MedVenture Associates wasn’t the only venture capital firm to turn down the nineteen-year-old college dropout. But that didn’t stop Elizabeth from raising a total of nearly $6 million by the end of 2004 from a grab bag of investors. In addition to Draper and Palmieri, she secured investments from an aging venture capitalist named John Bryan and from Stephen L. Feinberg, a real estate and private equity investor who was on the board of Houston’s MD Anderson Cancer Center. She also persuaded a fellow Stanford student named Michael Chang, whose family controlled a multibillion-dollar distributor of high-tech devices in Taiwan, to invest. Several members of the extended Holmes family, including Noel Holmes’s sister, Elizabeth Dietz, chipped in too.

As the money flowed in, it became apparent to Shaunak that a little patch that could do all the things Elizabeth wanted it to do bordered on science fiction. It might be theoretically possible, just like manned flights to Mars were theoretically possible. But the devil was in the details. In an attempt to make the patch concept more feasible, they pared it down to just the diagnostic part, but even that was incredibly challenging.

Eventually they jettisoned the patch altogether in favor of something akin to the handheld devices used to monitor blood-glucose levels in diabetes patients. Elizabeth wanted the Theranos device to be portable like those glucose monitors, but she wanted it to measure many more substances in the blood than just sugar, which would make it a lot more complex and therefore bulkier.

The compromise was a cartridge-and-reader system that blended the fields of microfluidics and biochemistry. The patient would prick her finger to draw a small sample of blood and place it in a cartridge that looked like a thick credit card. The cartridge would slot into a bigger machine called a reader. Pumps inside the reader would push the blood through tiny channels in the cartridge and into little wells coated with proteins known as antibodies. On its way to the wells, a filter would separate the blood’s solid elements, its red and white blood cells, from the plasma and let only the plasma through. When the plasma came into contact with the antibodies, a chemical reaction would produce a signal that would be “read” by the reader and translated into a result.

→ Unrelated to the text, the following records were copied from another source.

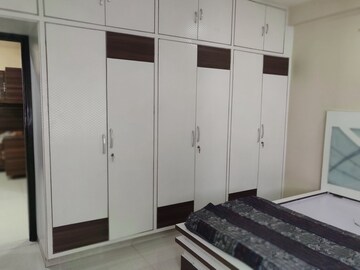 Kitchen in 3 BHK Apartment at Aditya Enclave Attapur, Attapur – for Rent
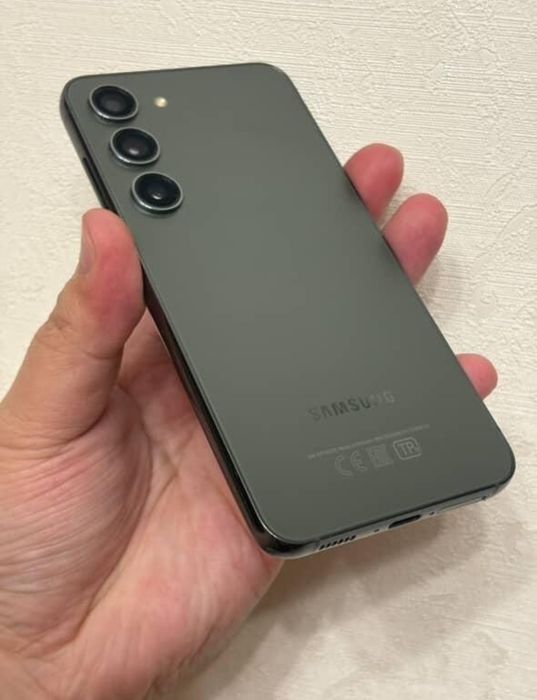 Samsung S23 256 Обмен Есть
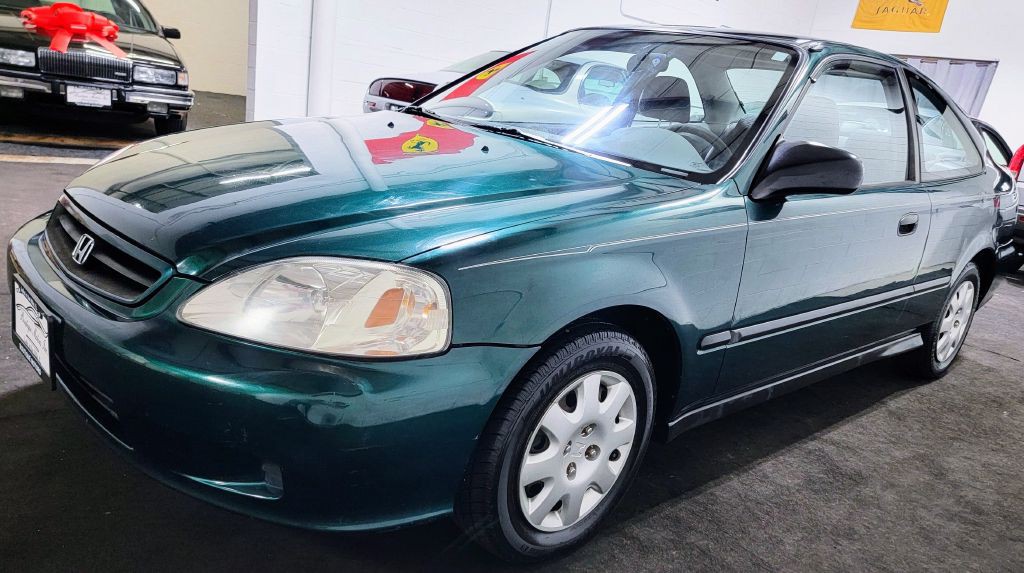 1999 Honda Civic Image 3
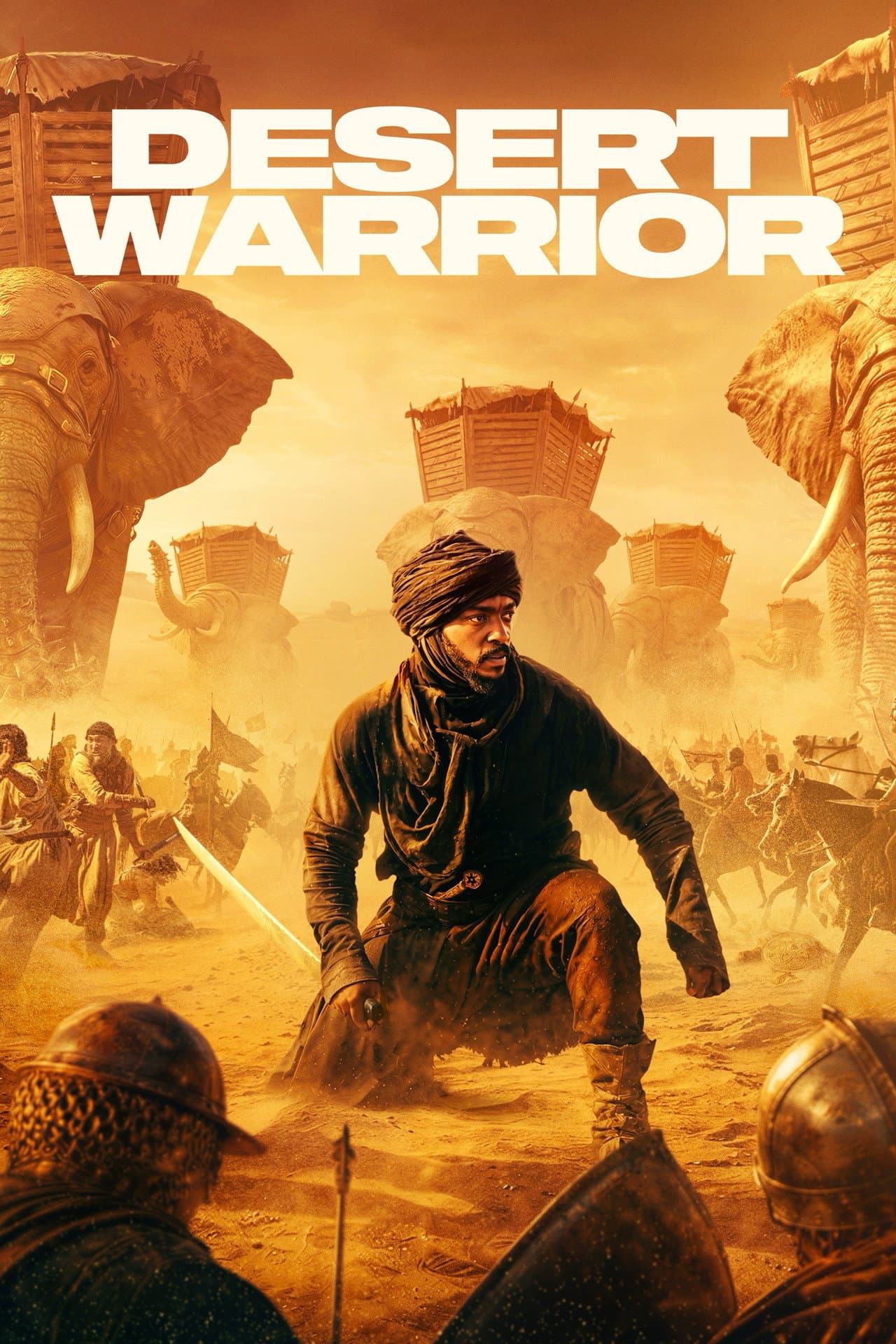 Desert Warrior preview 2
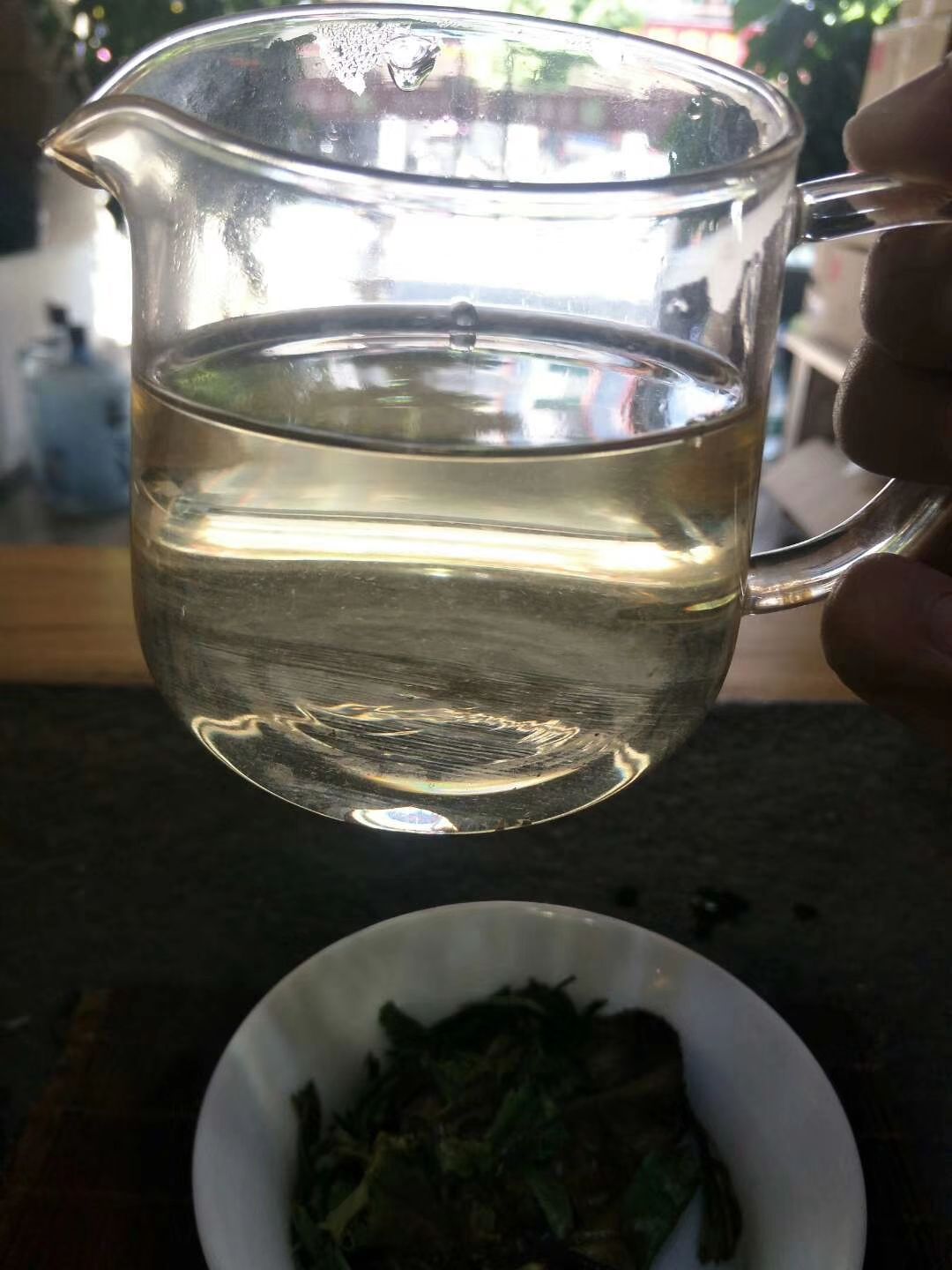  福鼎白茶915白露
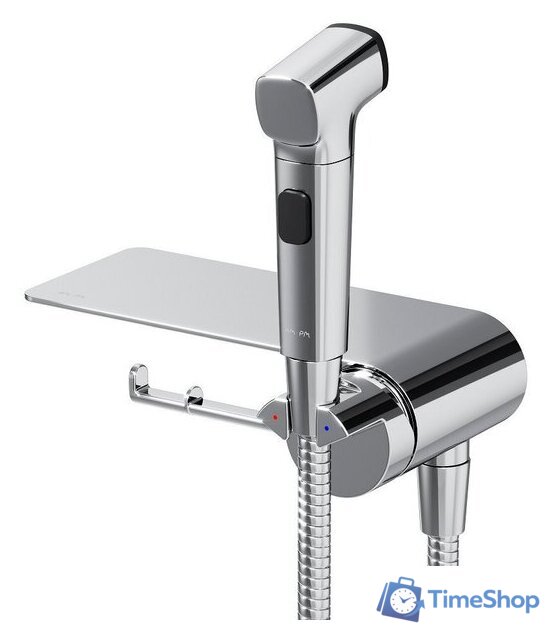 Гигиенический душ AM.PM Func F0H8F900 - Изображение №4 — Интернет-магазин Time-Shop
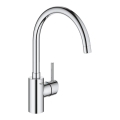 GROHE 32661003 - Miscelatore per lavello CONCETTO, cromo lucido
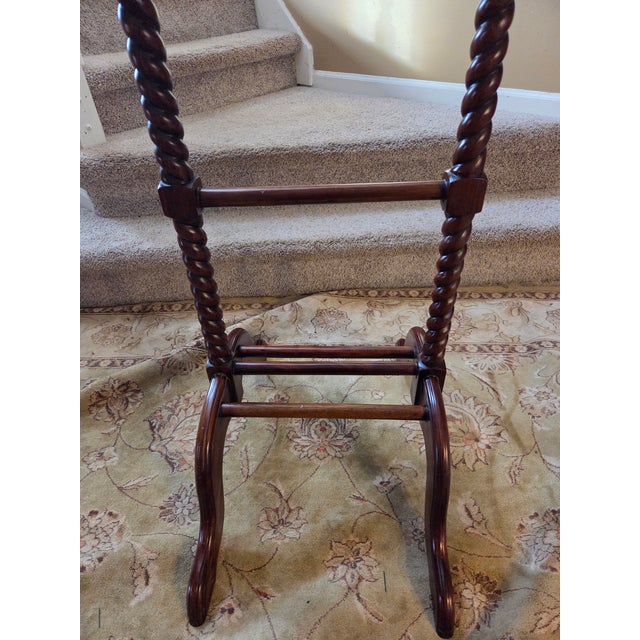 Late 20th Century Valet Stand For Sale - Image 12 of 14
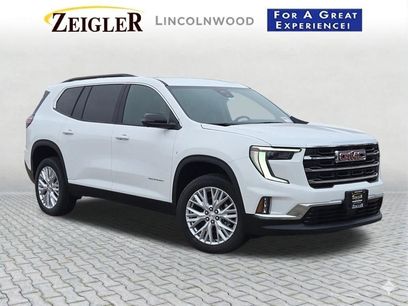 New 2026 GMC Acadia Elevation w/ Elevation Premium Package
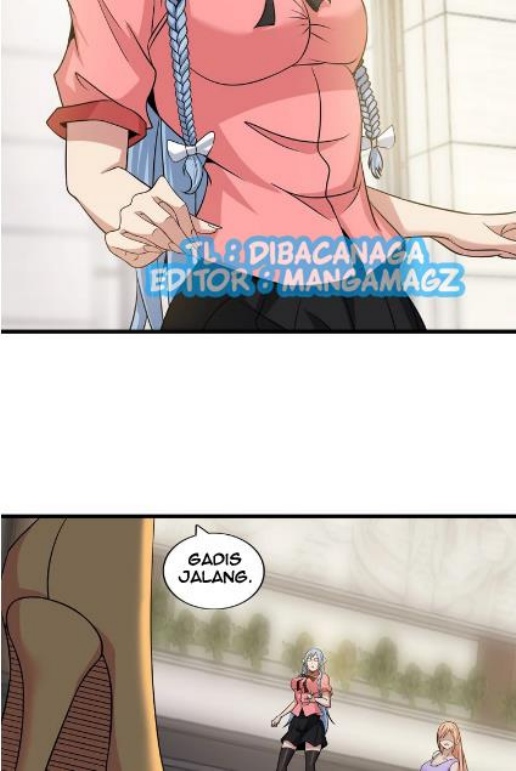 I am an Invincible Genius Chapter 52 Gambar 11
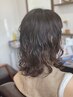 カット、パーマ9900円→8800円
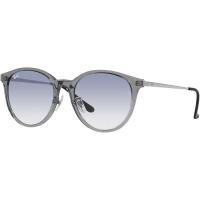 レイバン　Ray-Ban サングラス RB4334D 661119 55mm トランスペアレントGY/グラディエントライトブルー　RB4334D_66111955 | コジマYahoo!店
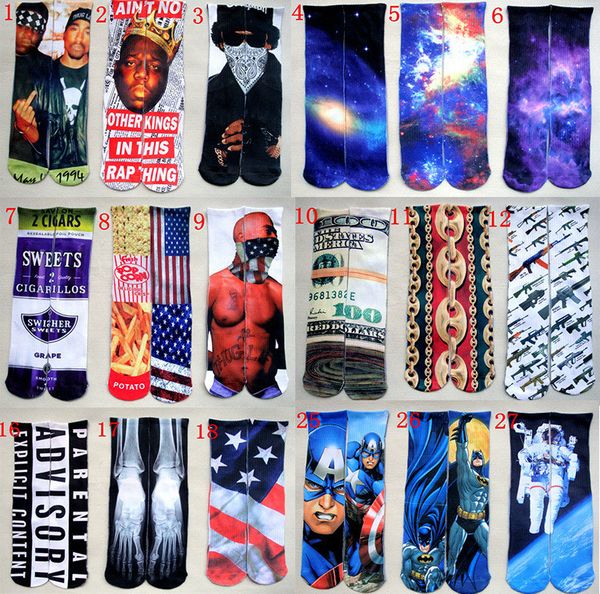 new 3d printed harajuku funny socks women/men casual cotton warm ankle sock captain america socks dhlshipping, Black;white
new 3d printed harajuku funny socks women/men casual cotton warm ankle sock captain america socks dhlshipping, Black;white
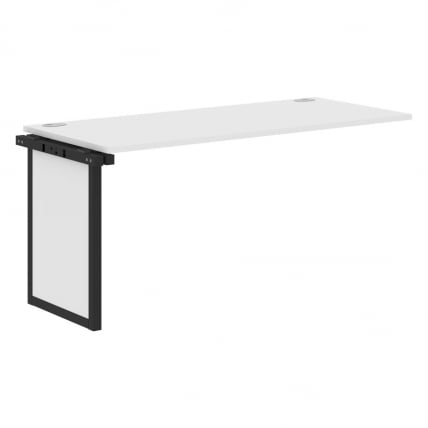 Стол промежуточный для рабочей станции XTEN-QP XQPIST 1670 Белый Антрацит_0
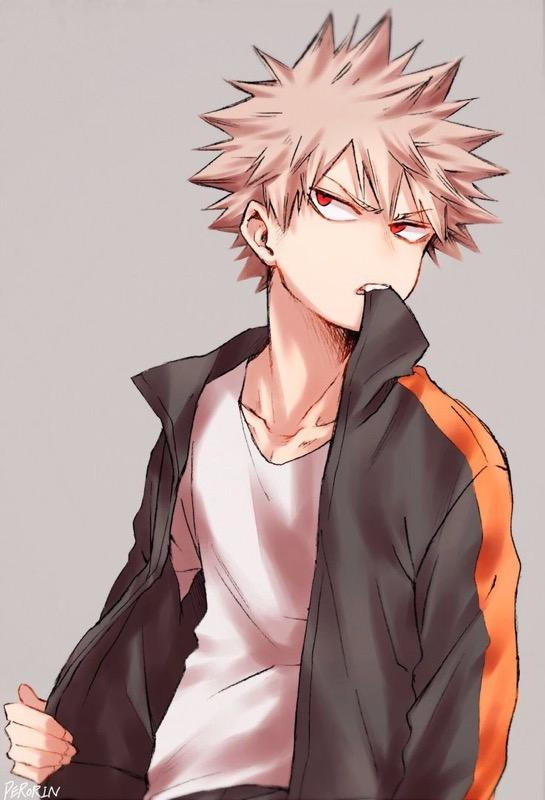 Katsuki Bakugo X Reader Piggyback By Taiyakipress On Deviantart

Elizabeth envisioned placing the cartridges and readers in patients’ homes so that they could test their blood regularly. A cellular antenna on the reader would send the test results to the computer of a patient’s doctor by way of a central server. This would allow the doctor to make adjustments to the patient’s medication quickly, rather than waiting for the patient to go get his blood tested at a blood-draw center or during his next office visit.

By late 2005, eighteen months after he’d come on board, Shaunak was beginning to feel like they were making progress. The company had a prototype, dubbed the Theranos 1.0, and had grown to two dozen employees. It also had a business model it hoped would quickly generate revenues: it planned to license its blood-testing technology to pharmaceutical companies to help them catch adverse drug reactions during clinical trials.

Their little enterprise was even beginning to attract some buzz. On Christmas Day, Elizabeth sent employees an email with the subject line “Happy Happy Holidays.” It wished them well and referred them to an interview she had given to the technology magazine Red Herring. The email ended with, “And Heres to ‘the hottest start-up in the valley’!!!”